Problem statement:
Copy, with no pictures, the line that contains "Iron doors in Oklahoma" and each line after it down to the end of the entries below, exactly.
** Opening Task data block **
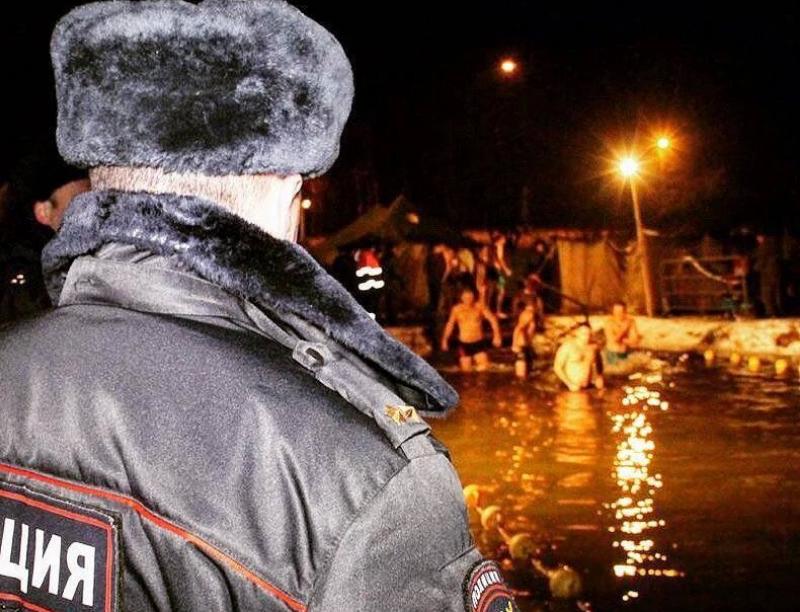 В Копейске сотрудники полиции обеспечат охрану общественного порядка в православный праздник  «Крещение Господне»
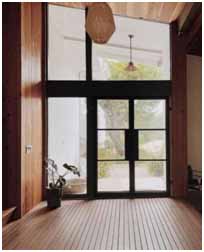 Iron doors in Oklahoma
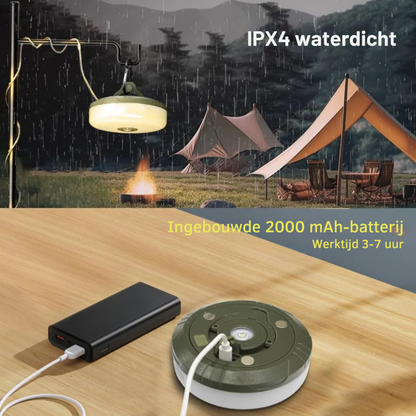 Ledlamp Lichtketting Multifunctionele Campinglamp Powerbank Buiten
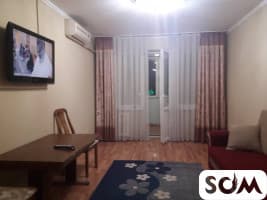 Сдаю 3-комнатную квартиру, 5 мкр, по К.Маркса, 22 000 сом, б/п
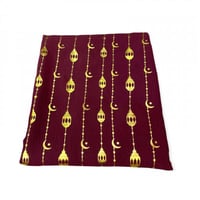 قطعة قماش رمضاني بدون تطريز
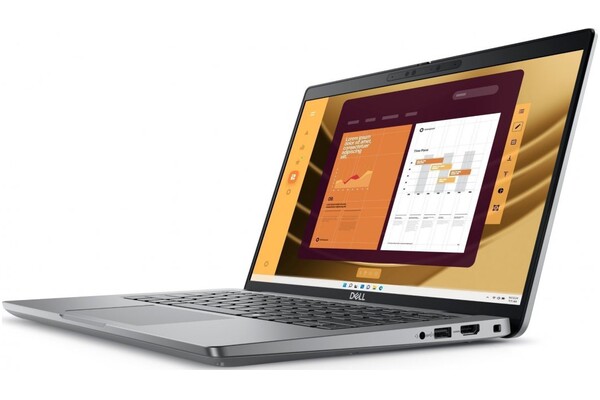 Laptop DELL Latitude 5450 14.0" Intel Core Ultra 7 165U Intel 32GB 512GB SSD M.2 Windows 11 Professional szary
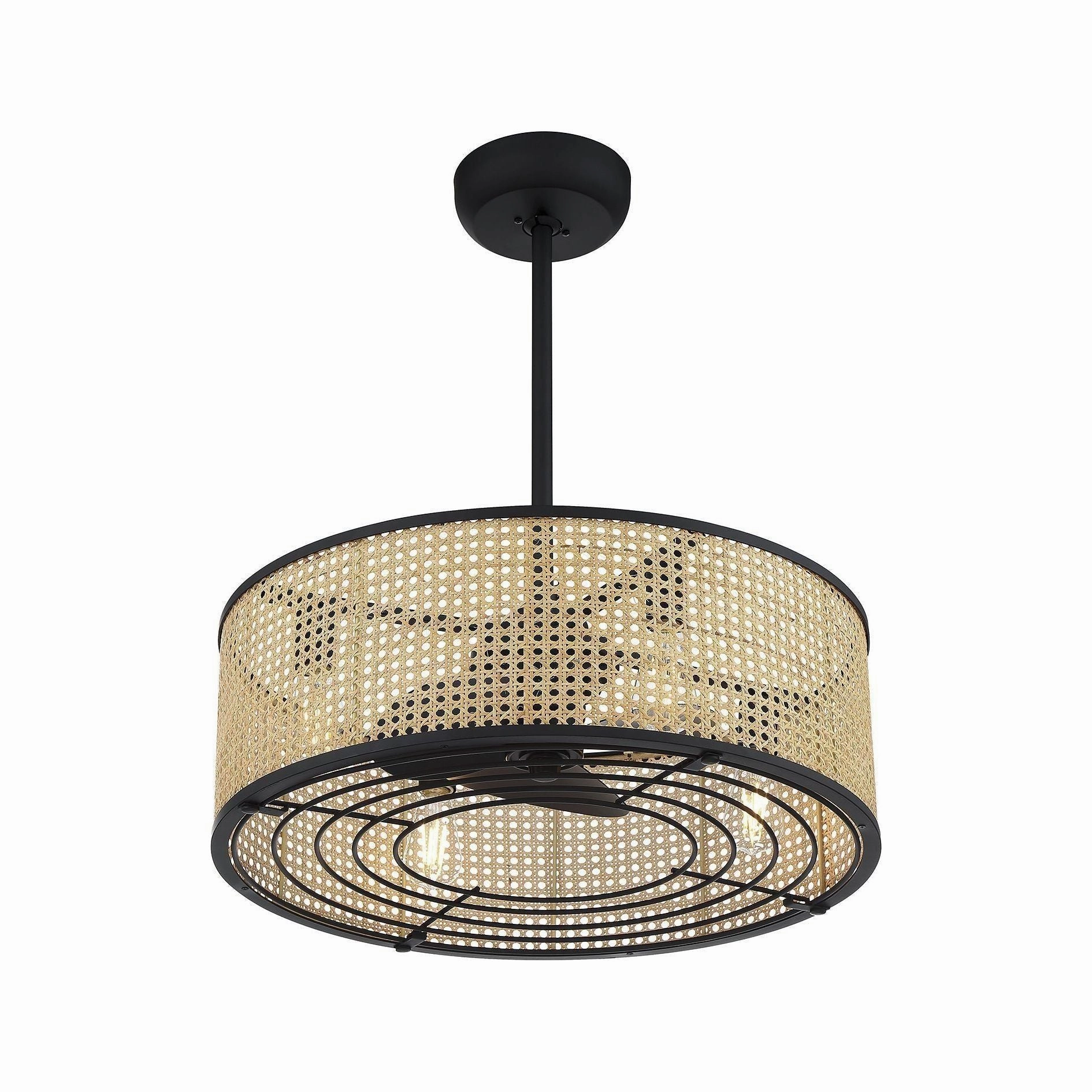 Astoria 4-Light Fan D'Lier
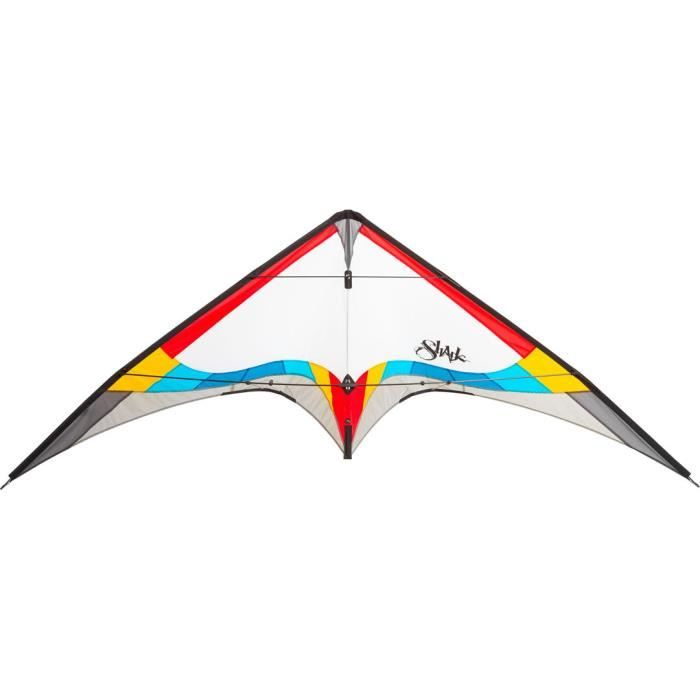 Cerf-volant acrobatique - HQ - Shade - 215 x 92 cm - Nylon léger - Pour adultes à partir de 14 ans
** Closing Task data block **
Answer space:
 Iron doors in Oklahoma
 Ledlamp Lichtketting Multifunctionele Campinglamp Powerbank Buiten
 Сдаю 3-комнатную квартиру, 5 мкр, по К.Маркса, 22 000 сом, б/п
 قطعة قماش رمضاني بدون تطريز
 Laptop DELL Latitude 5450 14.0" Intel Core Ultra 7 165U Intel 32GB 512GB SSD M.2 Windows 11 Professional szary
 Astoria 4-Light Fan D'Lier
 Cerf-volant acrobatique - HQ - Shade - 215 x 92 cm - Nylon léger - Pour adultes à partir de 14 ans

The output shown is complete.